La causa incide en un conflicto colectivo relacionado no sólo con diferencias remuneracionales, sino también con la vigencia de actos administrativos municipales, la interpretación de normas laborales y administrativas, la igualdad de trato entre funcionarios y el alcance de los derechos adquiridos de trabajadores municipales regidos por el Código del Trabajo.

Los demandantes sostuvieron que cumplían los requisitos establecidos en el reglamento contenido en el Decreto Alcaldicio N°2293, ya que eran asistentes de la educación, poseían títulos técnicos o profesionales y habían realizado cursos y capacitaciones de perfeccionamiento.
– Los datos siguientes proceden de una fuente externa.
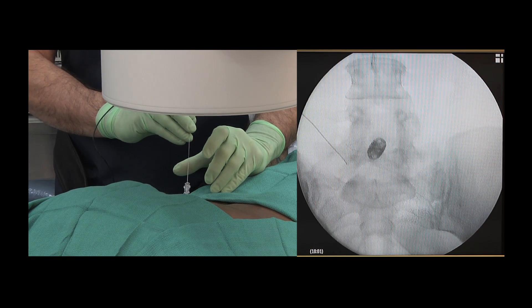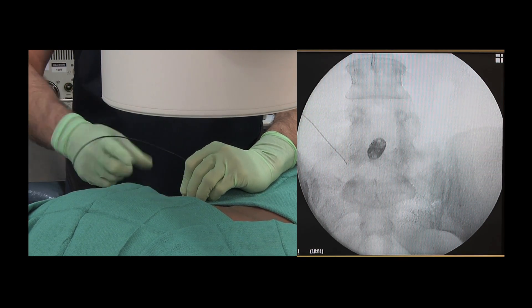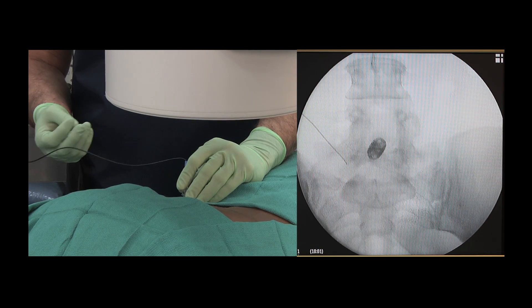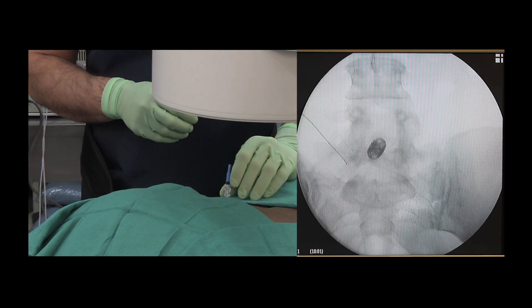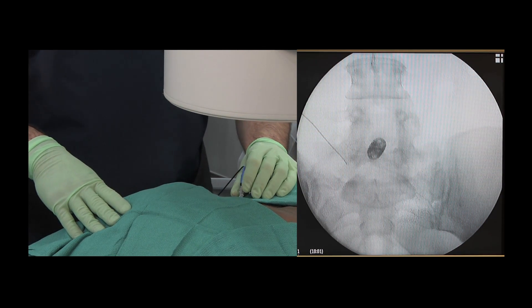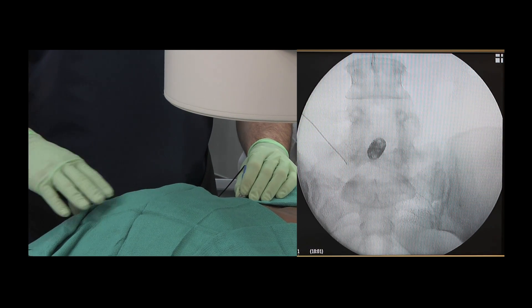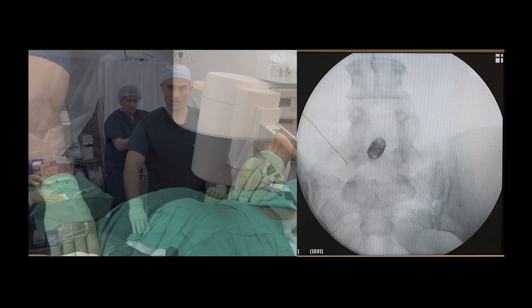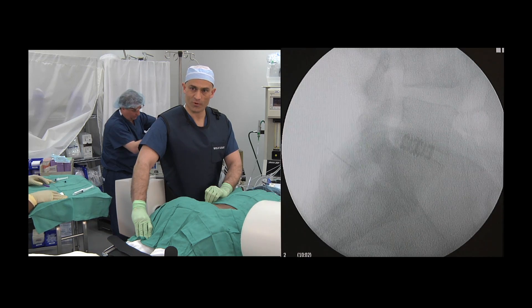A stimulating probe is advanced through the needle and connected to the electrical generating device. Both motor and sensory testing will occur to evaluate the position of the needle tip within the neuroforaminal space. Motor stimulation indicates that the needle tip is appropriately placed.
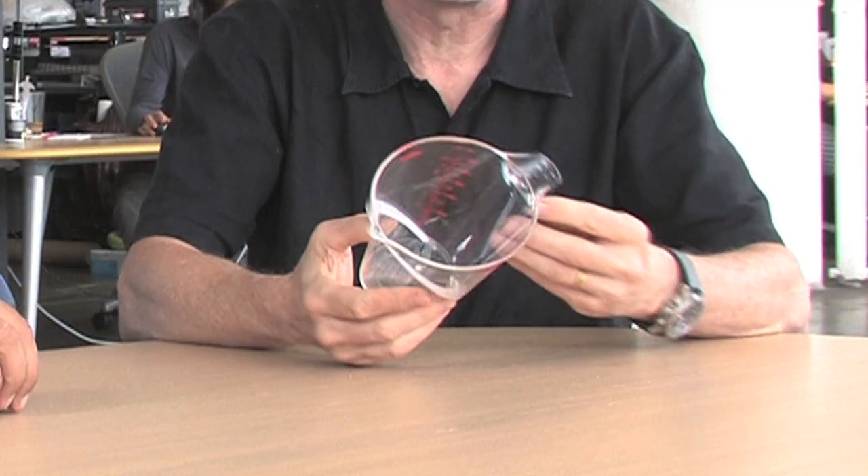We know that if you buy a product, you bring it home and it works just like you thought — that's good, but it's not great design; it's not exceptional. What really makes a great design is when you buy a product, you bring it home and it's actually a little bit better than you thought.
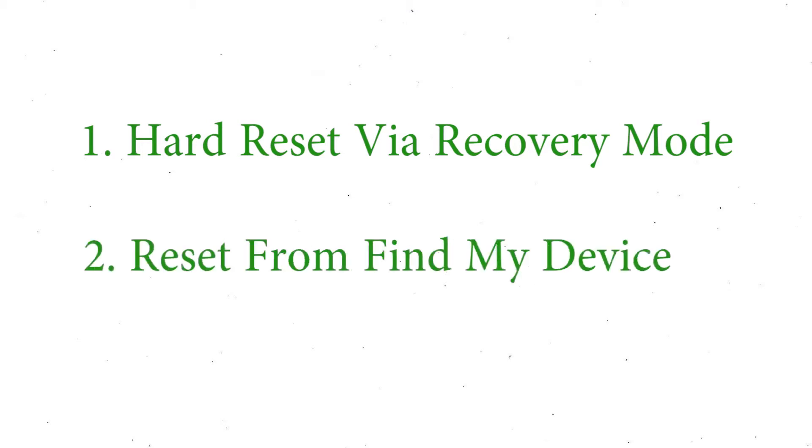We provide two reset methods: the first method is hard reset via recovery mode, and the second method is reset from Google Find My Device.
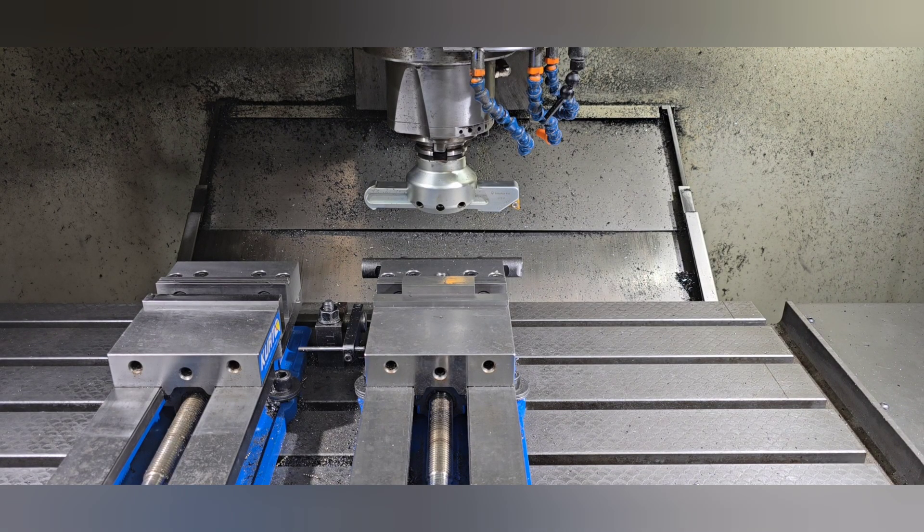Hey guys, Tim from MVP Machine. As the title suggests, I'm going to explain why I use a large fly cutter for small parts and why it's better than the other methods — either face mill or end mill — and faster and cheaper for a number of reasons.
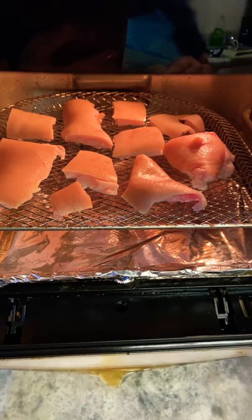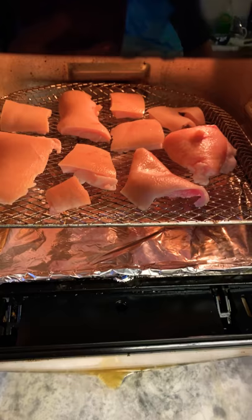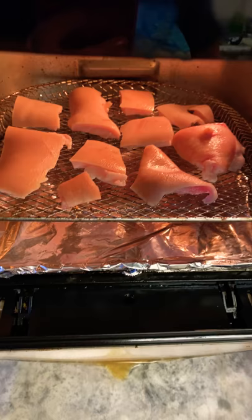I'm about to make the pork skin that I got from the pork belly — which I'm gonna use for sinigang — into air-fried homemade chicharron. I already cleaned them.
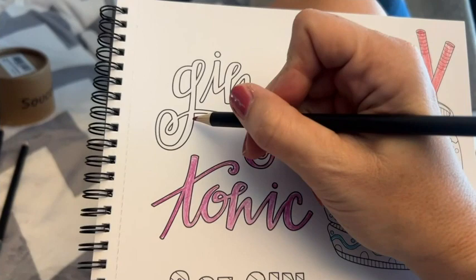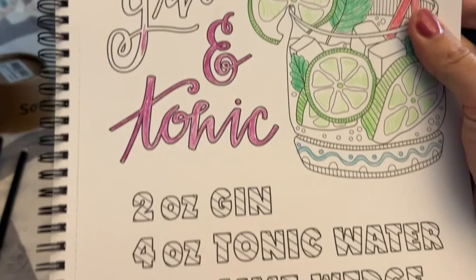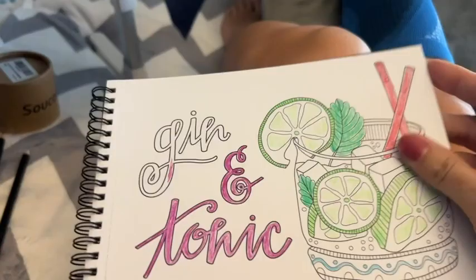I find coloring to be very relaxing and I'm enjoying this coloring book. I love the fact that it includes recipes on how to make your favorite cocktail, like this gin and tonic.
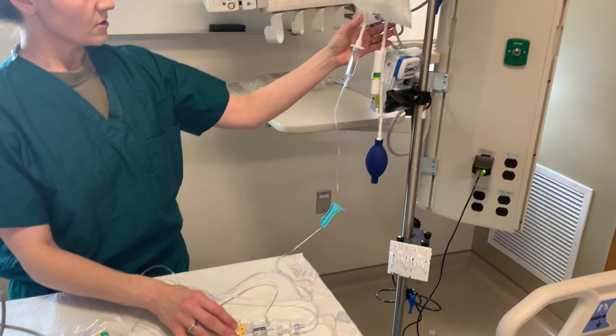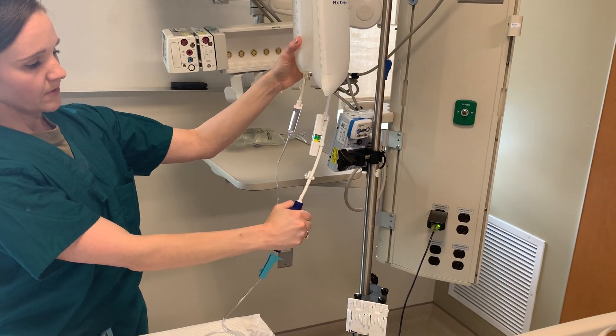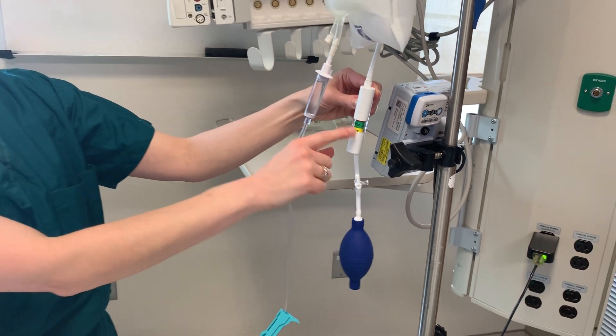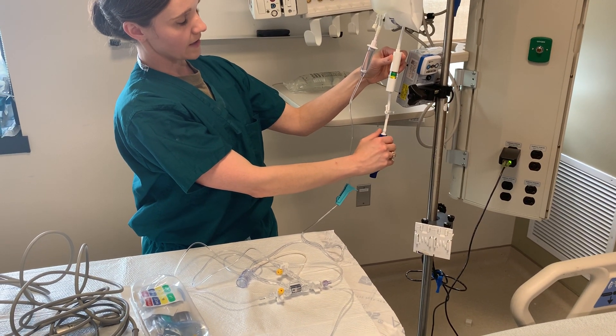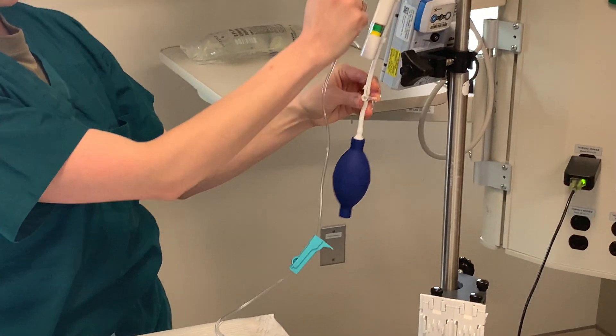After you spike your fluid bag, you can increase the pressure by pumping the bulb up until you reach approximately 300 millimeters of mercury of pressure — the green color is a good indicator. After you're done pressurizing the bag, you will turn this stopcock off to the bag, or in the up position.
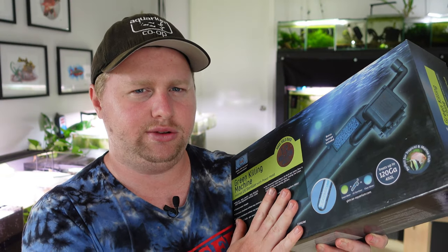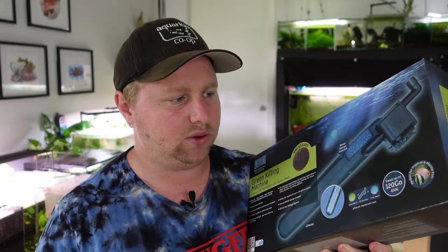This is the Blue Planet UVU 24 watt UV sterilizer. As always, I'm at no obligation to say anything — this is all my opinion. You've probably also seen some canister filters that have UV sterilizers you can turn on and off, but this is just a standalone UV sterilizer. I'll talk about the pros and cons, clarify why you might want one, and what they actually do.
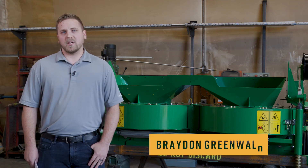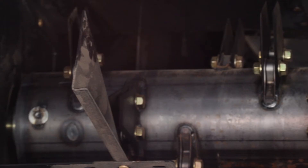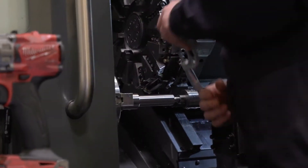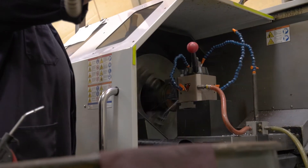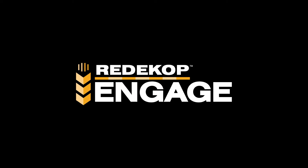Hi, my name is Brayden Greenwald and I'm an engineer here at Radecott Manufacturing. I'm here today to talk to you about maintaining your SCU. Although very little active maintenance is required to keep your seed control unit operating smoothly, it's very important to follow the maintenance schedule provided in the operator's manual to prevent costly repairs later on down the road.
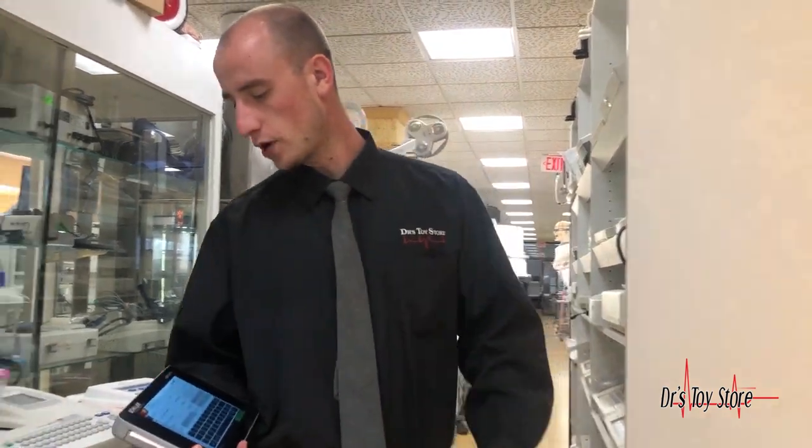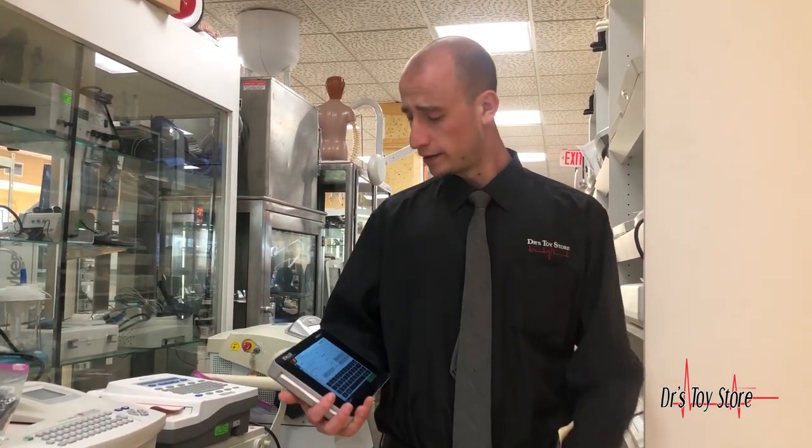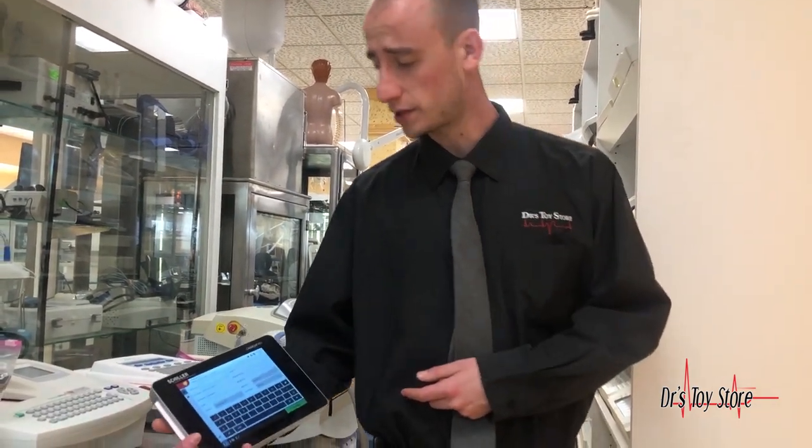Mike here with the Doctor's Toy Store. The Cardio FIT FT1 from Schiller is a new EKG with software that will blow your mind. This EKG has a three-step process, and we get really close here so you can see.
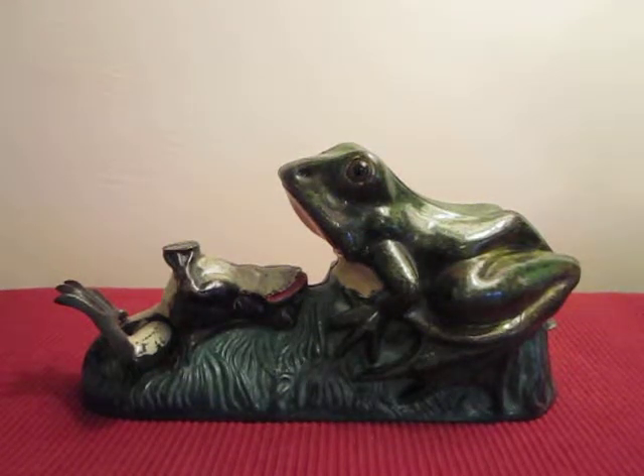This is the Two Frogs Mechanical Bank. It was designed by James Bowen and manufactured by the J&E Stevens Company.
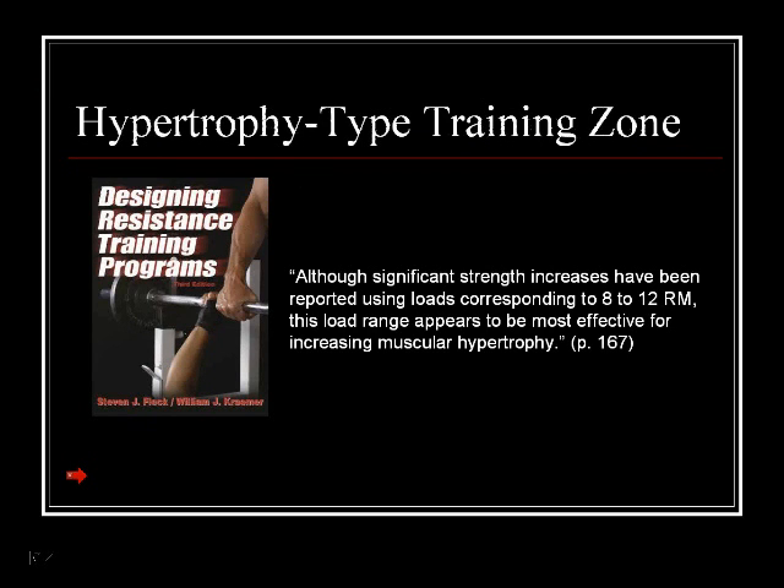The first one is the hypertrophy type training zone. I'd like to quote two well-known researchers in the exercise sciences, Stephen Fleck and William Kramer, American scientists. They wrote the book 'Designing Resistance Training Programs,' and inside on page 167 it reads: 'Although significant strength increases have been reported using loads corresponding to 8 to 12 RM' — RM stands for repetition maximum — 'this load range appears to be the most effective for increasing muscular hypertrophy.'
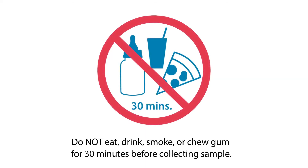It's important the donor does not eat or drink for 30 minutes before collecting the sample. Failure to follow this step could result in decreased DNA collection.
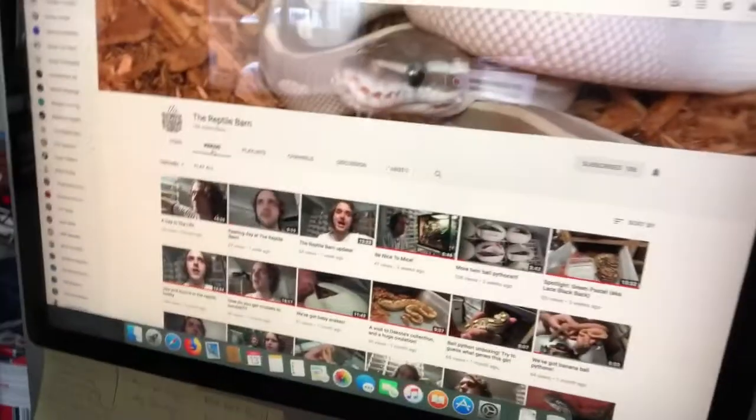Alright, welcome to Table Talk Tuesday. Today we're going to be talking about a channel that doesn't have as many subscribers as it needs. This is a great channel — it's him and his wife and his kids. Great content: they got snakes, they breed rats, rabbits, they have lizards. They just have everything. He's a very knowledgeable guy, great family. The channel I'm talking about is called the Reptile Barn.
Sobre esa base, alegaron que la Municipalidad había creado formalmente la asignación, regulado su forma de cálculo y reconocido históricamente el beneficio a determinados trabajadores, razón por la cual la negativa posterior al pago constituía un incumplimiento laboral y una vulneración de los principios de igualdad y confianza legítima.

Por su parte, la Municipalidad de Tomé solicitó el rechazo de la demanda argumentando que el Decreto N°2293 había sido dejado sin efecto mediante actos administrativos posteriores, particularmente a través de los Decretos Alcaldicios N°8296 de 2015 y N°9269 de 2022. Asimismo, sostuvo que la asignación sólo correspondía a funcionarios con títulos profesionales de al menos ocho semestres, afirmando que muchos de los demandantes poseían títulos técnicos que no cumplían dicho estándar.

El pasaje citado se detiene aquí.